Learning and decision processes in classification and feature inference.

Abstract

This thesis examined how task demands shape the category representations formed through classification, inference and incidental learning. Experiments 1 to 3 examined the claim that the representations formed through inference learning are based only on the encoding of prototypical features (e.g., Yamauchi & Markman, 1998, 2000). Adults learned artificial categories through exemplar classification or feature inference. Inference learning either did or did not require attention to prototypical features. At test, all participants classified exemplars and inferred the values of missing features. Classification learning resulted in the encoding of both prototypical and atypical features. Inference learning also led to the representation of both prototypical and atypical features when attention to both was required during learning. Experiment 4 extended these results to inferences about novel items varying in similarity to training items. Inference learners required to attend to prototypical and atypical features during training were more sensitive to exemplar similarity when making novel inferences than those who attended only to prototypical features.

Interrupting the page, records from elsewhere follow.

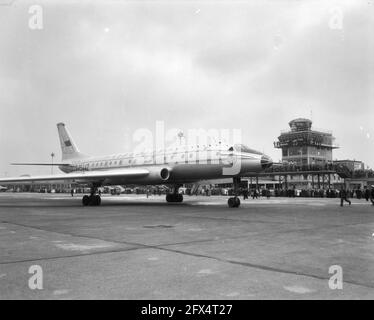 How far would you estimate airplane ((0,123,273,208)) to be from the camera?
1867 centimetres

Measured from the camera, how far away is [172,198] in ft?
83.9

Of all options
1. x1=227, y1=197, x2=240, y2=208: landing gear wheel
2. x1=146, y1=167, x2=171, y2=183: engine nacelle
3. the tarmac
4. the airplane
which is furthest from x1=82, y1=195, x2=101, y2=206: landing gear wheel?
the tarmac

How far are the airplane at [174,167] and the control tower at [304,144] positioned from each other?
256 feet

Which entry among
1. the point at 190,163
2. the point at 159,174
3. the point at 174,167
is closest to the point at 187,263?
the point at 190,163

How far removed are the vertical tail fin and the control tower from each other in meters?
73.4

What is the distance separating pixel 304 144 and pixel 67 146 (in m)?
76.4

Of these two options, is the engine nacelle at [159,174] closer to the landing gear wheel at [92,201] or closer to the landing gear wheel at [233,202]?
the landing gear wheel at [92,201]

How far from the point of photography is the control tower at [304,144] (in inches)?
3863

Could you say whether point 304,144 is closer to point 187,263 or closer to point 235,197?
point 235,197

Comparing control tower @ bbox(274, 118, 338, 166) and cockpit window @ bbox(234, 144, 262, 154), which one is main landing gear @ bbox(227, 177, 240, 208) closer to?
cockpit window @ bbox(234, 144, 262, 154)

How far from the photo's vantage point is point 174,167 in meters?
21.5

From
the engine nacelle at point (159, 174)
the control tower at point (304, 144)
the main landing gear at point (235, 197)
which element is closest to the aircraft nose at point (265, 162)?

Experiment 5 examined developmental change in the impact of noun and feature labels on feature inferences. Adults, 7-year-olds, and 5-yearolds were shown pairs of base and target exemplars. The base was given a noun or feature label. Participants were asked to predict the value of a missing feature of the target, when it was given the same or a different label as the base. Both adults and children were more likely to make inferences based on noun than feature labels. Hence, by five years of age, children grasp the inductive potential of noun labels. Experiments 6 to 9 compared incidental category learning with intentional classification. Adults classified categories of geometric shapes or learned the categories through an incidental task. Incidental recognition learning resulted in a broader allocation of attention than classification learning. Performing recognition before classification resulted in a broader attentional allocation than performing recognition after classification. Together with the results from mathematical modelling, these findings support a view of category learning in which the specific attentional demands of different learning tasks determine the nature of the category representations that are acquired.